----- Data to examine

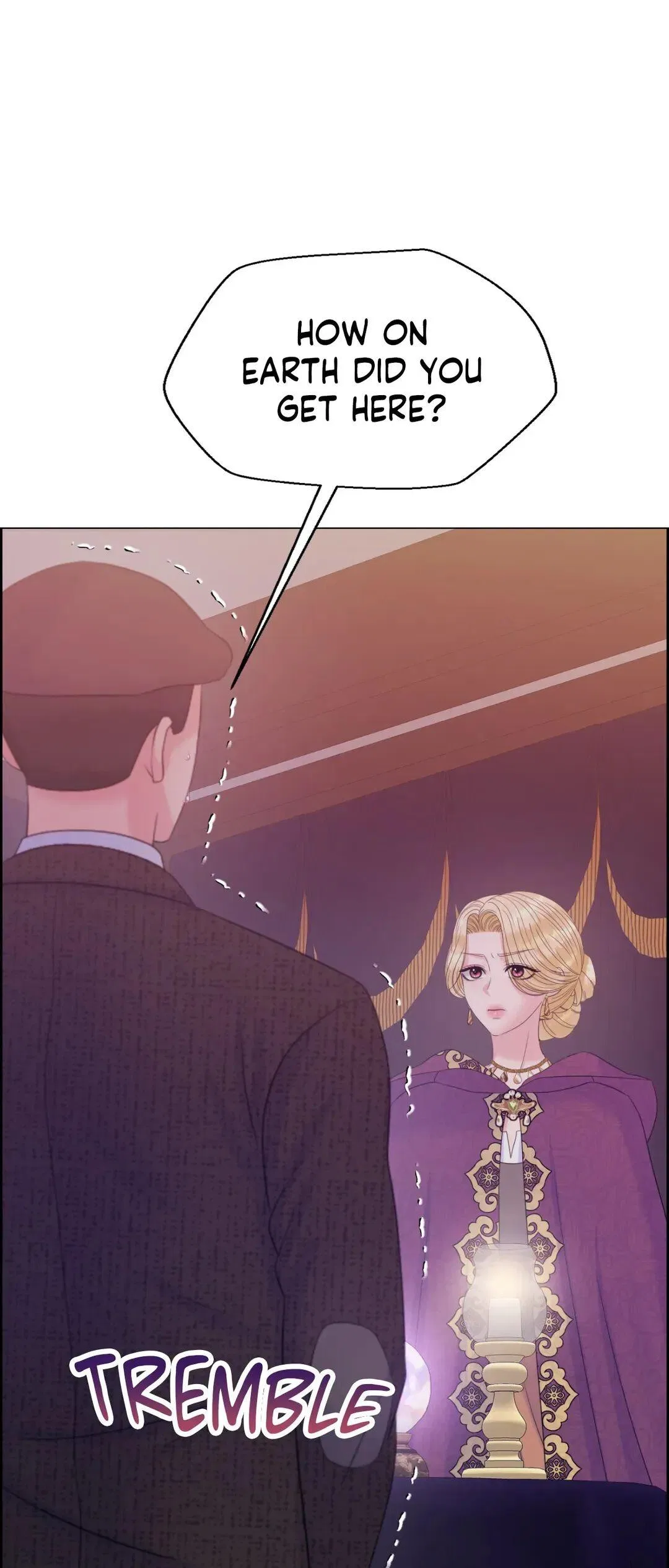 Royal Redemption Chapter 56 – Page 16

----------
----- Data to examine

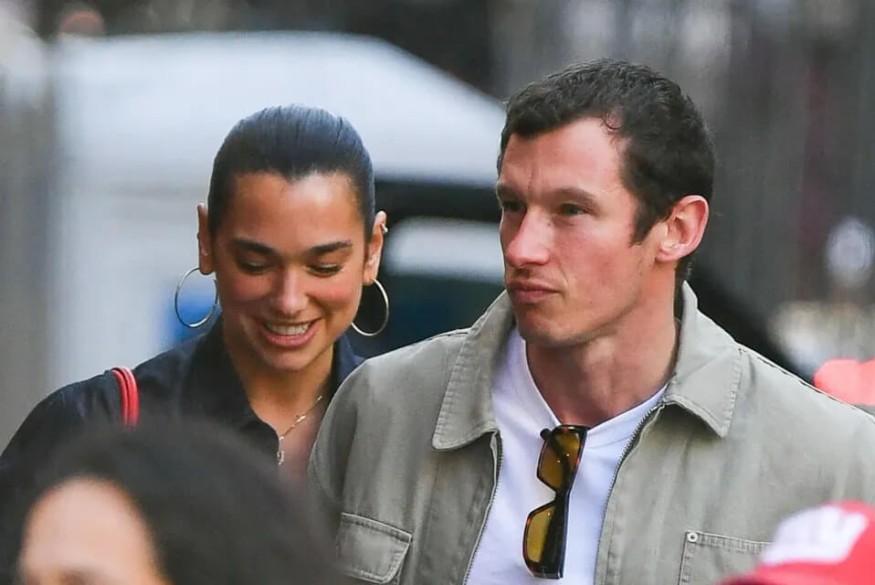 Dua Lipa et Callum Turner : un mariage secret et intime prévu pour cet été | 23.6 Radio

----------
----- Data to examine

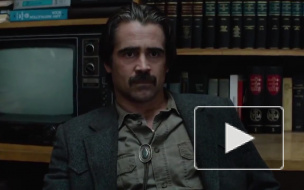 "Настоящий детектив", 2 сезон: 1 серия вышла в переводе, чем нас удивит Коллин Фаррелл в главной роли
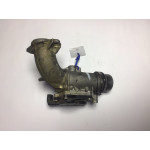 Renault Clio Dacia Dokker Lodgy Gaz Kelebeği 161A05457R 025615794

----------

§ Work required
Return exactly the lines of the material above, starting at the line containing "в главной роли" and finishing at the line containing "Renault Clio Dacia", without any pictures.

§ Answer to the problem
 "Настоящий детектив", 2 сезон: 1 серия вышла в переводе, чем нас удивит Коллин Фаррелл в главной роли
 Renault Clio Dacia Dokker Lodgy Gaz Kelebeği 161A05457R 025615794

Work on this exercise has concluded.